Dean Acosta/Renee Juhans
June 26, 2003
Persistence & Passion Leads Hispanic Engineer To Success
Growing up in Santurce, Puerto Rico, Miguel Rodriguez knew by age 17, he wanted to work in America's space program. Little could he have known then staying focused on that goal would lead him to become director of the Operations Directorate at NASA's Stennis Space Center, Miss.
Like many youngsters in the 1960s, NASA's Apollo program and that first, snowy TV picture of Neil Armstrong walking on the moon inspired Rodriguez. "I saw that and said to myself, 'Wouldn't it be nice to work for NASA?'" Rodriquez said.
Staying on course to achieve his goal, Rodriguez studied to become a mechanical engineer. He graduated in 1976 from the University of Puerto Rico Engineering College, Mayaguez, Puerto Rico. A year before Rodriguez graduated, NASA representatives visited the university to recruit career candidates. Rodriguez took a chance and spoke with the recruiters, only to find all the interview slots were filled. Determined to work for NASA, he placed his name on the overflow list and was eventually called for an interview.
His persistence paid off. He was interviewed and offered a job at NASA. In 1976 Rodriguez went to work at the Marshall Space Flight Center, Huntsville, Ala. as a mechanical design engineer designing parts for the Space Shuttle. In 1979, he transferred to Florida to work at the Kennedy Space Center. Since then Rodriguez has held a number of engineering and managerial positions.
As director of Stennis Operations, Rodriguez manages facility construction, maintenance, environmental programs, security, emergency services, utilities and other operations for about 4,600 Stennis personnel.

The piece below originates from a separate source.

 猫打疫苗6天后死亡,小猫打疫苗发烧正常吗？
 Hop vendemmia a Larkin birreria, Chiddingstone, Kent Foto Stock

Pursuing the career Rodriguez dreamed of as a teen has been rewarding, and to honor his heritage, Rodriguez is active in the Hispanic community, serving as a mentor and frequent speaker. He hopes to see more Hispanics join NASA's ranks. He tells young people from diverse backgrounds to follow their dreams. "If you have an interest in working for NASA, stay on track with your schoolwork and be persistent. You can work for NASA. You just have to make it your priority," he said.